The legislature’s intent, I believe, is shown by the 1963 amendment to section 731.34 Florida Statutes (1963 General Laws, chapter 63-119) reading in part as follows —

**provided, however, that nothing herein contained shall be construed as exempting any personal property from liability for any debt secured by written assignment, pledge, mortgage or other security instrument mortgaging, assigning, or pledging, or otherwise granting, or imposing a lien upon, such personal property, whether or not possession of such property is delivered to such mortgagee, assignee, pledgee, or other security holder, and that nothing herein contained shall be construed as impairing the validity of any mortgage, pledge, assignment, or other lien so imposed or provided for in such security instrument, nor the rights therein created or provided for, and nothing herein contained shall be construed as impairing the validity of the lien of any duly recorded mortgage or the lien of any person in possession of personal property. . . .

This amendment, however, becoming effective on May 21, 1963 would not be governing law in this case since the note, the pledge, and the death and the election of dower all took place prior to the effective date of that amendment.
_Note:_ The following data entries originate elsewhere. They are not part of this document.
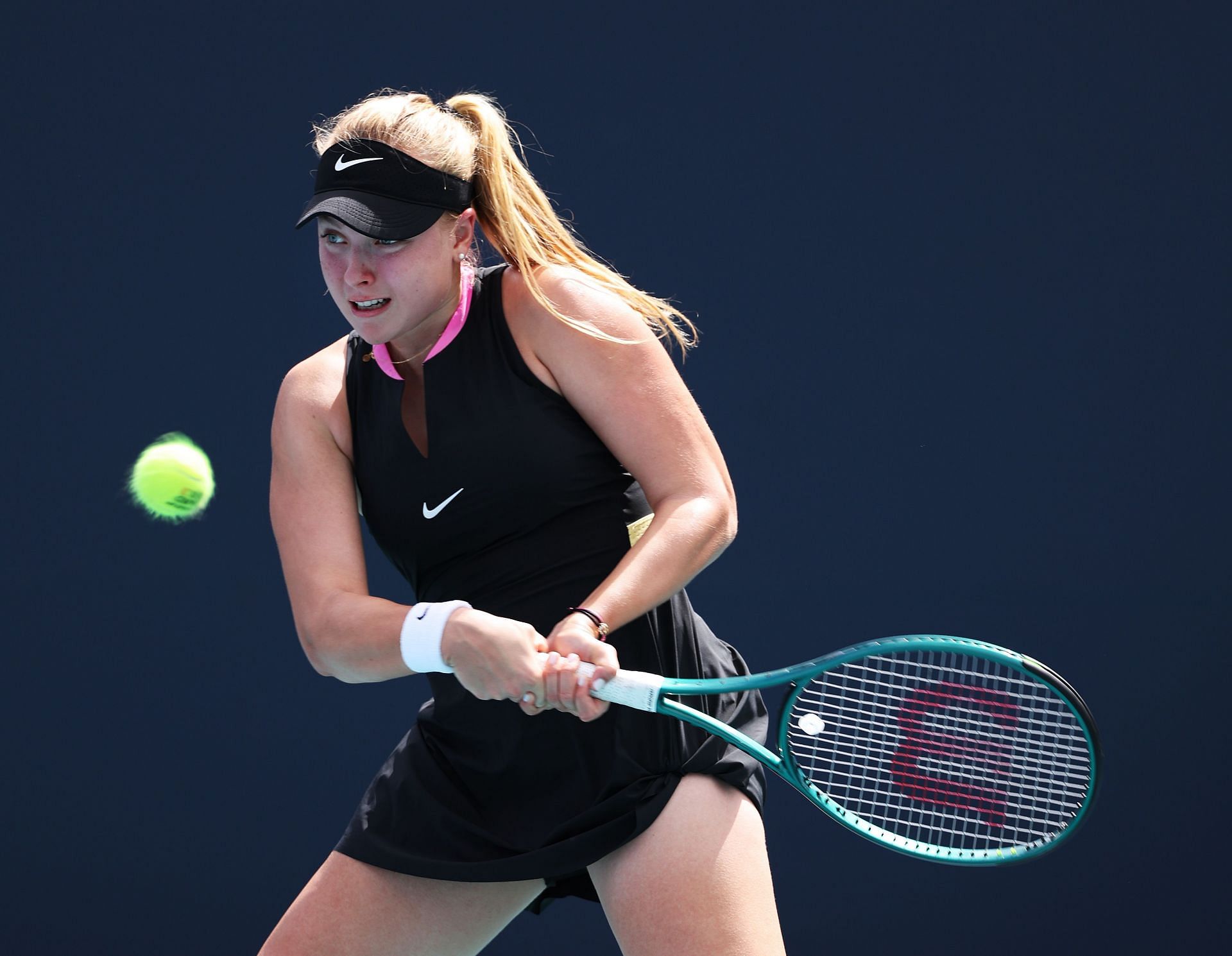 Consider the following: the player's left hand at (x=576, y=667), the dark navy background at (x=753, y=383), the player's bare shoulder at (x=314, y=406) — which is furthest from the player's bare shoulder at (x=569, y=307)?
the dark navy background at (x=753, y=383)

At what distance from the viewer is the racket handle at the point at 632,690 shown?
167cm

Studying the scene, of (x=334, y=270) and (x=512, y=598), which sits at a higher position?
(x=334, y=270)

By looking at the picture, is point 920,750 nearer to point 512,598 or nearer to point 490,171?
point 512,598

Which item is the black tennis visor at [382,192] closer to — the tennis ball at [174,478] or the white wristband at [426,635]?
the white wristband at [426,635]

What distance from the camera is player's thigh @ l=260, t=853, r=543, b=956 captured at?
1.83 metres

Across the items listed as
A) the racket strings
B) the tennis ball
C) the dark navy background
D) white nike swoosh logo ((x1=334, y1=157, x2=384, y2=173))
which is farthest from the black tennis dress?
the tennis ball

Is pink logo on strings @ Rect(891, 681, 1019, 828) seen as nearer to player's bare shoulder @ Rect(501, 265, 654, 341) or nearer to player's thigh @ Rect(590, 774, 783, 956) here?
player's thigh @ Rect(590, 774, 783, 956)

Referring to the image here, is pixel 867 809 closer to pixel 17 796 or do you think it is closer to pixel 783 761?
pixel 783 761

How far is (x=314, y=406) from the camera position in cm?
189

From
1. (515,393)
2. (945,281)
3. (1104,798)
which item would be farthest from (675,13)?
(1104,798)

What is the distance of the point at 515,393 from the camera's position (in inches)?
70.9

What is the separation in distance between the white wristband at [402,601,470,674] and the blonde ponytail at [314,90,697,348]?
401 millimetres

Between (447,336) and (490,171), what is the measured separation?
0.24 meters

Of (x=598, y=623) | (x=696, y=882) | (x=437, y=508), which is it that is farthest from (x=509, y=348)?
(x=696, y=882) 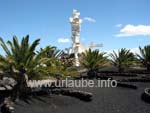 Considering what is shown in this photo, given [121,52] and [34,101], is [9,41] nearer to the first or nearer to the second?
[34,101]

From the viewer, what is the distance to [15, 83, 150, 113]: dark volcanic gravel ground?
17.6 meters

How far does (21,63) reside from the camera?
2005 cm

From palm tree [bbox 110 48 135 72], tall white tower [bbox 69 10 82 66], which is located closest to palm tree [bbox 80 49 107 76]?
palm tree [bbox 110 48 135 72]

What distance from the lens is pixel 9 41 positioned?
20547 mm

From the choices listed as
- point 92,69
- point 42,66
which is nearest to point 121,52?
point 92,69

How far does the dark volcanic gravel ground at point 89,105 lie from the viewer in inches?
693

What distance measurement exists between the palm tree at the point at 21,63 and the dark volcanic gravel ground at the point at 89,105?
4.86 ft

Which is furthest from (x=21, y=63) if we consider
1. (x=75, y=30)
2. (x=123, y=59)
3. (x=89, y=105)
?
(x=75, y=30)

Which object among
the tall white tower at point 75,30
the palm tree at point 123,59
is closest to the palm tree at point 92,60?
the palm tree at point 123,59

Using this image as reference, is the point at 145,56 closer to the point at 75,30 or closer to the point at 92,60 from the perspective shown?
the point at 92,60

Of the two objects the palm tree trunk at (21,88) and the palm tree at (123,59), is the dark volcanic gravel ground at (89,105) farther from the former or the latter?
the palm tree at (123,59)

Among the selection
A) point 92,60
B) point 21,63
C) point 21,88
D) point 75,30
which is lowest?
point 21,88

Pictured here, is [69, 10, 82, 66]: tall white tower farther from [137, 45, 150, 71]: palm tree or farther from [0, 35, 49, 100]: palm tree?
[0, 35, 49, 100]: palm tree

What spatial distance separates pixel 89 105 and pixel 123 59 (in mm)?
25794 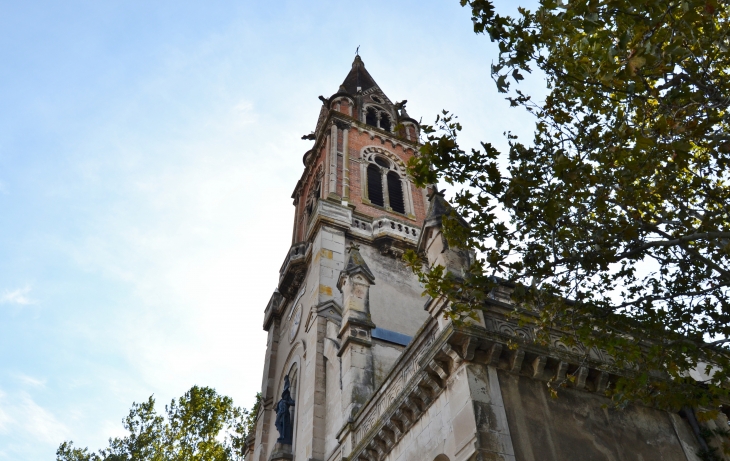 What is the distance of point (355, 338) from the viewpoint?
50.7 feet

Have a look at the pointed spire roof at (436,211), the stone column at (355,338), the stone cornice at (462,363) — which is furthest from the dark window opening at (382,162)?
the stone cornice at (462,363)

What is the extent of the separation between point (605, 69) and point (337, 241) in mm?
14296

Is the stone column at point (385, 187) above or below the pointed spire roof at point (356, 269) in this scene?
above

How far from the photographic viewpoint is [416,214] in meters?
26.4

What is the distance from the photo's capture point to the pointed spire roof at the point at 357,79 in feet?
123

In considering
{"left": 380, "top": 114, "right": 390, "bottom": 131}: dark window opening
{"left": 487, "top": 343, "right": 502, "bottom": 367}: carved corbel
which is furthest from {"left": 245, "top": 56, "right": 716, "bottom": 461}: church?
{"left": 380, "top": 114, "right": 390, "bottom": 131}: dark window opening

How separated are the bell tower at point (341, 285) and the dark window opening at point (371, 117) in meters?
0.06

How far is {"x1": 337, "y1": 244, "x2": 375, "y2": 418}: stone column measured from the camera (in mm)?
14336

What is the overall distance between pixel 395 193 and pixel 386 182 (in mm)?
703

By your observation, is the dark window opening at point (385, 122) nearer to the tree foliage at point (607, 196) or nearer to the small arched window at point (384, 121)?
the small arched window at point (384, 121)

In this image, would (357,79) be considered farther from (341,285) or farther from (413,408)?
(413,408)

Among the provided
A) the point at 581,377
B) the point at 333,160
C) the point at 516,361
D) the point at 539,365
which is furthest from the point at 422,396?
the point at 333,160

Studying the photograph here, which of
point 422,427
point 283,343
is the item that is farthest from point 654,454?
point 283,343

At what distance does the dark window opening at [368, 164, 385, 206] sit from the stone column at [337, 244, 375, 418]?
28.7ft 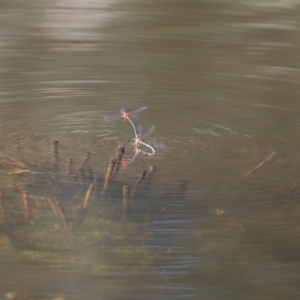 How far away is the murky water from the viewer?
1602mm

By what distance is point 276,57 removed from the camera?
3406mm

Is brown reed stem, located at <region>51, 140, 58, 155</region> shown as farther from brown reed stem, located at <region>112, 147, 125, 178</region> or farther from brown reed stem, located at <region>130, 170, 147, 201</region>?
brown reed stem, located at <region>130, 170, 147, 201</region>

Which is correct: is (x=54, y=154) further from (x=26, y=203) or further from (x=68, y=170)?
(x=26, y=203)

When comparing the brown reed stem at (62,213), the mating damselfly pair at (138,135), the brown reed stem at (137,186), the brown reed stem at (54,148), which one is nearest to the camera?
the brown reed stem at (62,213)

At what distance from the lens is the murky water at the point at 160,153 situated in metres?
1.60

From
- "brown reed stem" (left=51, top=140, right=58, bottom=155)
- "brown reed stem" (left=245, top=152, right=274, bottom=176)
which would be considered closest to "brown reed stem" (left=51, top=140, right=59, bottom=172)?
"brown reed stem" (left=51, top=140, right=58, bottom=155)

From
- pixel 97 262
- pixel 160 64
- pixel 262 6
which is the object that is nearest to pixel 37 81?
pixel 160 64

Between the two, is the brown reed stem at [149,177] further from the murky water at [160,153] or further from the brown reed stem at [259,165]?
the brown reed stem at [259,165]

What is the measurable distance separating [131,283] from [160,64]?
1841 mm

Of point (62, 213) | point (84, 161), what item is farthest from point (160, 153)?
point (62, 213)

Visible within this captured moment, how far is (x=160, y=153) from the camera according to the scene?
7.20 feet

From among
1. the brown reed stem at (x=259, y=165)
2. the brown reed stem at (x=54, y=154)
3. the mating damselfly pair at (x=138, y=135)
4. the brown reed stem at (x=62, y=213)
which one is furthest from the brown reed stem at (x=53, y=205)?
the brown reed stem at (x=259, y=165)

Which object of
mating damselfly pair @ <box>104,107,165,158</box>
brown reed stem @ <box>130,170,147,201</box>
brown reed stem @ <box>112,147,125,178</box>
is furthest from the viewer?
mating damselfly pair @ <box>104,107,165,158</box>

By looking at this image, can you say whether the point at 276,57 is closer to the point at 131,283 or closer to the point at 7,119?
the point at 7,119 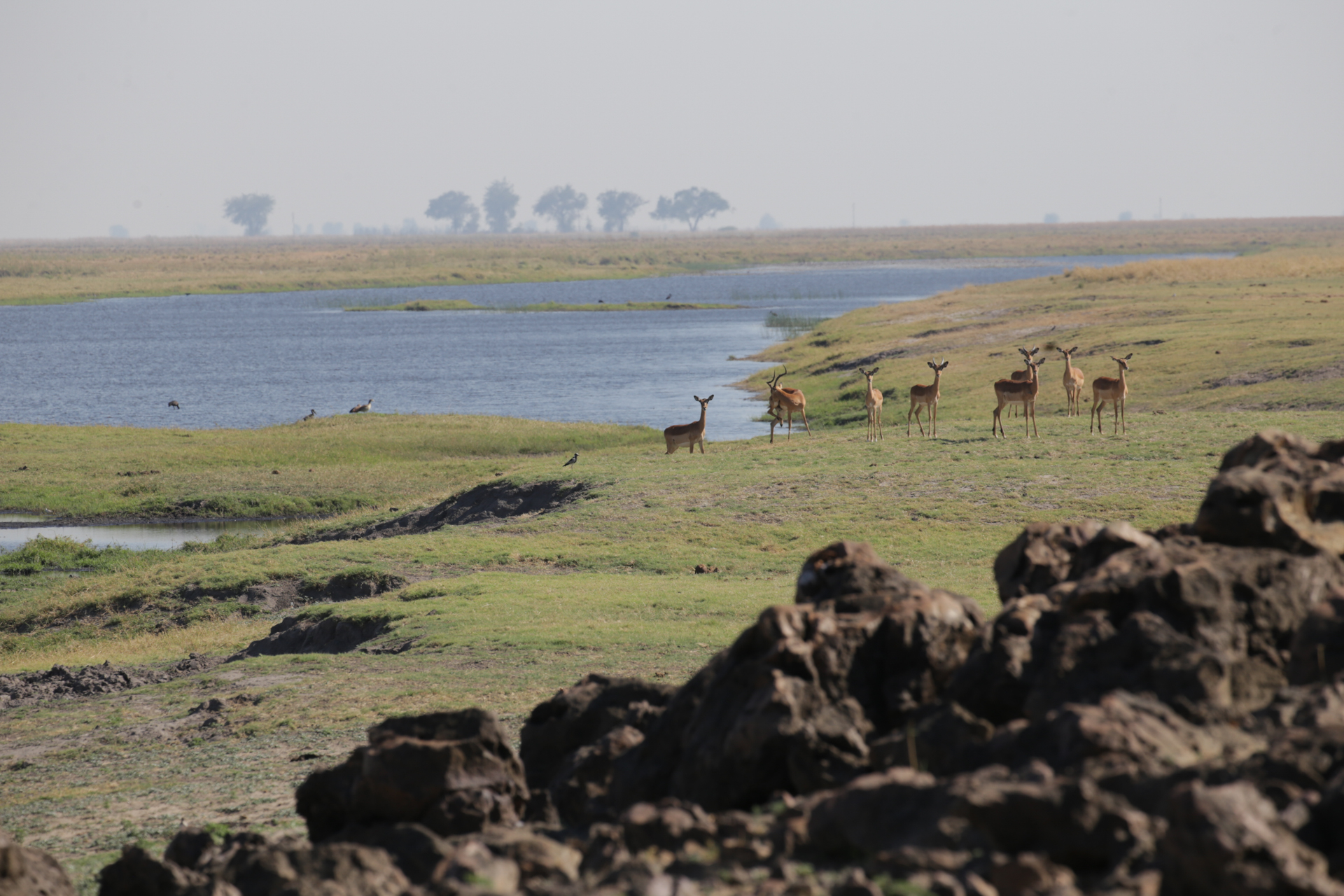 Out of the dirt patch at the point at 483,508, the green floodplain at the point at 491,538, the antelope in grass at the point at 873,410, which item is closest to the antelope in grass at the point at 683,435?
the green floodplain at the point at 491,538

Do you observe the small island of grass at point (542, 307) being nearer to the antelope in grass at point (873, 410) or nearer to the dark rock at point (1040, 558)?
the antelope in grass at point (873, 410)

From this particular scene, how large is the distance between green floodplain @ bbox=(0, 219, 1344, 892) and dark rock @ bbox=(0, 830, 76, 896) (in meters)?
1.73

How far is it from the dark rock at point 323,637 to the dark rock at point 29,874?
10.7 metres

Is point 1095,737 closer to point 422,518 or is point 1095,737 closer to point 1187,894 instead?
point 1187,894

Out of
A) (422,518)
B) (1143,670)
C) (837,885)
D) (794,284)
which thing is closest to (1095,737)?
(1143,670)

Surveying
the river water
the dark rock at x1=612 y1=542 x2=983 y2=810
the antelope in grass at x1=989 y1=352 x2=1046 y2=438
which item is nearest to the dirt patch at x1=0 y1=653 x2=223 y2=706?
the dark rock at x1=612 y1=542 x2=983 y2=810

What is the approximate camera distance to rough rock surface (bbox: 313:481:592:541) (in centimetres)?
2911

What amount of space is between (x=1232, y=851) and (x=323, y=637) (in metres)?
16.6

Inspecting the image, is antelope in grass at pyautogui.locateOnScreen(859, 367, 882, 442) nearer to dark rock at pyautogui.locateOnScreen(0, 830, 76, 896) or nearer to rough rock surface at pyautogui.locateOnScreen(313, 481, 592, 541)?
rough rock surface at pyautogui.locateOnScreen(313, 481, 592, 541)

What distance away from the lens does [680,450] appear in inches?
1452

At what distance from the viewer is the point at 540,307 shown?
11631 centimetres

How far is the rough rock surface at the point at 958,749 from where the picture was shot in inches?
241

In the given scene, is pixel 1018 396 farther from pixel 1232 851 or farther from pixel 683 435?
pixel 1232 851

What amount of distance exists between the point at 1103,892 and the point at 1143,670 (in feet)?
7.08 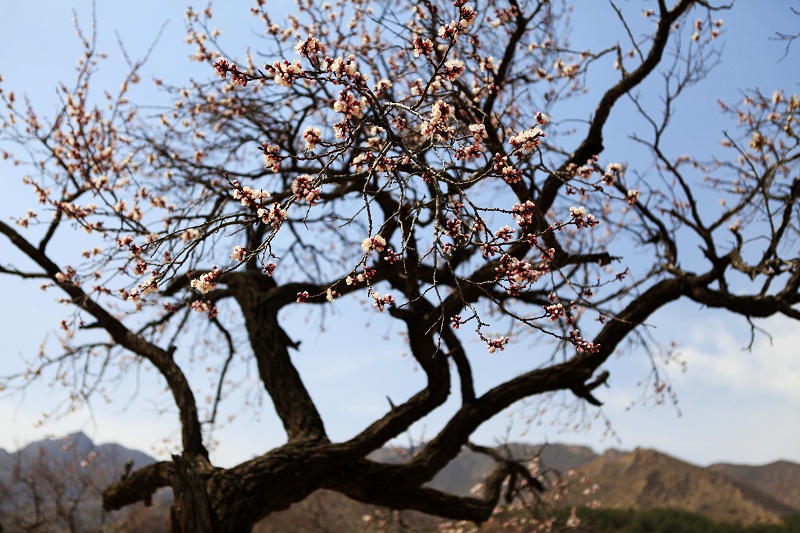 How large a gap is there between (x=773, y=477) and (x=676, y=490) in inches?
329

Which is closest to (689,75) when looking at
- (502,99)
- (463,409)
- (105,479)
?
(502,99)

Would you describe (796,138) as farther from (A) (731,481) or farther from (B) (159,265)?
(A) (731,481)

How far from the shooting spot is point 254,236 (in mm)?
6723

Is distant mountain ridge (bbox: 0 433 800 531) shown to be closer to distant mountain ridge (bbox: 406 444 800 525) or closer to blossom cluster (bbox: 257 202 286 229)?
distant mountain ridge (bbox: 406 444 800 525)

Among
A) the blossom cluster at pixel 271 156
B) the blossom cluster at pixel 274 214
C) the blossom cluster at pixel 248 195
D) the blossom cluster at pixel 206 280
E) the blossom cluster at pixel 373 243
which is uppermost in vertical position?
the blossom cluster at pixel 271 156

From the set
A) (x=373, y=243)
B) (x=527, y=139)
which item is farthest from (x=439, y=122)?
(x=373, y=243)

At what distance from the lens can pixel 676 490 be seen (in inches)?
754

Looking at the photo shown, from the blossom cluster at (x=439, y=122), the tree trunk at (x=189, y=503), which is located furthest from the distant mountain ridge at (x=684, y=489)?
the blossom cluster at (x=439, y=122)

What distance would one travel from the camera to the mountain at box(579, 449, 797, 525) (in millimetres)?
17938

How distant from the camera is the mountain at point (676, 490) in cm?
1794

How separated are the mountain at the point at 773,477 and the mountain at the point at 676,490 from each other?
3573mm

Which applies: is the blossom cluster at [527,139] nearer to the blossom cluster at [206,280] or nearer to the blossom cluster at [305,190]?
the blossom cluster at [305,190]

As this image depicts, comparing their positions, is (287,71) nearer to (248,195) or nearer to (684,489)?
(248,195)

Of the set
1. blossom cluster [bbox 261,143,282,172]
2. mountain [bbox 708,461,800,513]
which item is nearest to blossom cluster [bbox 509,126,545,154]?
blossom cluster [bbox 261,143,282,172] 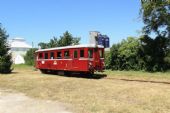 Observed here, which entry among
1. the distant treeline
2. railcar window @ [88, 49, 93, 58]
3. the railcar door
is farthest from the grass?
the distant treeline

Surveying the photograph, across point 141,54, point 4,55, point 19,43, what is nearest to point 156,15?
point 141,54

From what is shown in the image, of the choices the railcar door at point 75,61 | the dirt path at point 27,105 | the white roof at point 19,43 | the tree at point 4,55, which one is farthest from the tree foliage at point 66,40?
the white roof at point 19,43

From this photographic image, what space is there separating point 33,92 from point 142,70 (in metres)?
15.1

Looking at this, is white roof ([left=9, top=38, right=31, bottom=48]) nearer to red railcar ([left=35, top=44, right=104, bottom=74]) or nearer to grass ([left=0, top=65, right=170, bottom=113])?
red railcar ([left=35, top=44, right=104, bottom=74])

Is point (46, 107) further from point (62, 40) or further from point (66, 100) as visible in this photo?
point (62, 40)

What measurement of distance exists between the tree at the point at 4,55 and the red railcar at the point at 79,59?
6.92 meters

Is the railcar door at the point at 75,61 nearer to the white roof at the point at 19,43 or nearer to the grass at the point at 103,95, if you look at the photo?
the grass at the point at 103,95

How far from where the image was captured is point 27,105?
1691 centimetres

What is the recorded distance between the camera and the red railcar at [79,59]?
2852 centimetres

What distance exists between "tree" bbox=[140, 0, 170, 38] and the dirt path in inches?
656

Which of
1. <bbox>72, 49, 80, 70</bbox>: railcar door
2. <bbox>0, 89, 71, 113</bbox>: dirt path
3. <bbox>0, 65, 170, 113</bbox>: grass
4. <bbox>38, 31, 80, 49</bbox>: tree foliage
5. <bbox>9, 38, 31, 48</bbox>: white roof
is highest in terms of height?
<bbox>9, 38, 31, 48</bbox>: white roof

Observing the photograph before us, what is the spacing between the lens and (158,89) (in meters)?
20.2

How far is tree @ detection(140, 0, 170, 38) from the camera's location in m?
32.2

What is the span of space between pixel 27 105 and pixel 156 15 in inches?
787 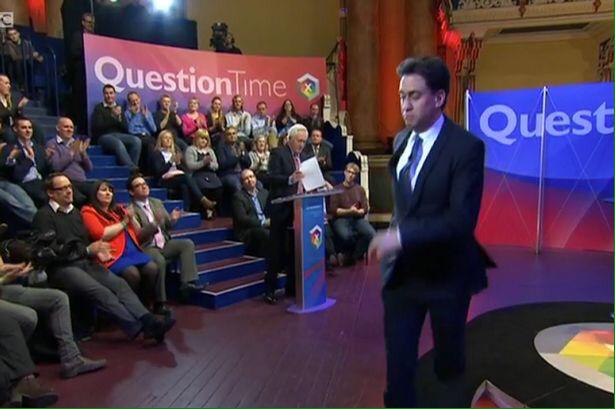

However, it is significant that in all the cases reviewed the controversy arose between the widow and other legatees and devisees of the deceased and none involved the rights of innocent third persons who had dealt with the deceased in regard to personal property in his lifetime. The court believes that when the legislature in section 731.34, Florida Statutes, speaks of “one-third part absolutely of the personal property owned by her husband at the time of his death” it intends and intended to refer to personal property beneficially owned by her husband at the time of his death. To hold otherwise would be asking chancery to perpetuate an inequity in a court of equity. Walter Savage Landor said —

“A theory based on the qualities of an object, will prevent its being unfolded according to its objects; and he who arranges topics in reference to their causes, will cease to value them according to their results. Thus the jurisprudence of every nation will show that, when law becomes a science and a system, it ceases to be justice. The errors into which a blind devotion to principles of classification has led the common law, will be seen by observing how often the legislature has been *44obliged to come forward to restore the equity its scheme had lost.”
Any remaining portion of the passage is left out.